With a population of more than 2 million, the Queens Library system boasts the highest circulation of any public library system…
By George Tsai
In a civilized society, visiting the library has become part of the daily routine of people seeking to broaden their horizons.
With a population of more than 2 million, the Queens Library system boasts the highest circulation of any public library system in the nation, making it the top-ranked city library. It is also the fifth largest library in terms of the number of locations and the population served.
It sounds like Queens has more intellectuals than any other borough.
Among the 62 or so libraries in the system, the Flushing Library is perhaps the newest, most popular and best-used.
Like many others in the system, the Flushing Library stays open seven days a week from mid-September to mid-May. It closes its doors on Sundays from May 28 to mid-September.
To the disappointment of librarygoers, that may change if the state and the city succeed in slashing the library budget. And it is expected to happen pretty soon.
Sunday closings should not apply to libraries in Queens with the rapid growth of hard-working new immigrants, who do not have the luxury of visiting the library on weekdays.
The Flushing Library attracts many people every day. Every time I visit this facility I can hardly find an empty chair, which shows that the library has more drawing power than many other facilities in town.
Its cozy auditorium in the basement plays a vital role in promoting understanding of ethnic cultures. From time to time local groups present lectures and entertainment there.
Some new immigrants here consider the library a favorite place to spend their free time reading magazines and newspapers in their native languages. And some students do their homework using its computers in an academic atmosphere.
The proposed $10 million budget cuts would force Queens libraries to reduce hours of operation.
In addition to that, the library system may have to curtail its subscriptions of certain periodicals, halt purchases of new books, upgrade its computer system or forgo other social events.
It’s a shame the budget cuts come at a time when our sick economy is marching toward a robust recovery.
On June 10 the TimesLedger carried a story reporting that Independence Community Bank offered a $100,000 matching grant for the system. Some other organizations may follow suit. How about next year?
College Point also is a fast-growing township in Queens, so is its library, which looks gorgeous after an extensive renovation with a ramp for the disabled. A great number of immigrants, mostly Asian, have moved to that town. The library may have to subscribe to more publications to meet the growing demand. Where is the money?
The library closes its doors on Saturdays and Sundays. It seems the schedule is good for retirees but not for working people. That runs counter to its mission to serve the general public.
Lately, local politicians and residents have joined force in decrying the proposed cuts, and I hope their angry voices will be heard in Albany and in the City Council.
Libraries should be the last target of budget cuts. The system is part of public education, which is what politicians of all levels often stress during their campaigns for offices.

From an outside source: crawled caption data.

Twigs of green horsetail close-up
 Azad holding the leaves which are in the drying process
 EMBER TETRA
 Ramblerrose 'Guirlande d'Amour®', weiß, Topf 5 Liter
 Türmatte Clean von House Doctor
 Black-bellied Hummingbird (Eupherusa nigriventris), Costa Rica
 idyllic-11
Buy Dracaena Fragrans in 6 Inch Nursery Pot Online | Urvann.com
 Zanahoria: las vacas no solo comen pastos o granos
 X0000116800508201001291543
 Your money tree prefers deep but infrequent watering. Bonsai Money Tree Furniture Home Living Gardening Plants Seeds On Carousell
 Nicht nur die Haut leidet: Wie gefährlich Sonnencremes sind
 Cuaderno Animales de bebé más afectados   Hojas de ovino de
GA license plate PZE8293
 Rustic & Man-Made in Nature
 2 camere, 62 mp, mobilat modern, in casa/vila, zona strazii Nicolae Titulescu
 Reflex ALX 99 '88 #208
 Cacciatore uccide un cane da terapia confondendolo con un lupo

There is good news, nevertheless. Flushing’s business improvement district has taken a giant step toward beautifying downtown. Rectangular banners with “Welcome to Flushing” are seen flying on sidewalk poles in busy intersections, mimicking tourism gimmicks in bigger metropolitan areas such as Manhattan. The stripe’s design and color will change according to the season. This signifies a good start.
But a few BID members already have begun to gripe about their monetary contributions to the program, which was put into operation just six months ago. As a result, the BID plans to pare its budget down by 20 percent, according to local media.
Remember, folks, you reap what you sow.
In the meantime, the BID should pay more attention to the town’s negative sides, such as the dirty conditions caused by 40th Road’s abundant eateries. The other day I saw merchants and pedestrians complaining about the filth on that road, with dirty puddles and a foul smell.
Cleansing that road, therefore, should be the BID’s top priority, or else the lingering problem will tarnish the town’s image the group is trying to brighten. As a frequent diner patron, I think vehicles should be barred from that street; they are mainly to blame for the environmental woes plaguing that narrow road.
Flushing restaurants recently formed an association to advance their own causes. Congratulations! I hope they will take swift action to wrestle the environmental problems and enhance their storefronts’ appearance.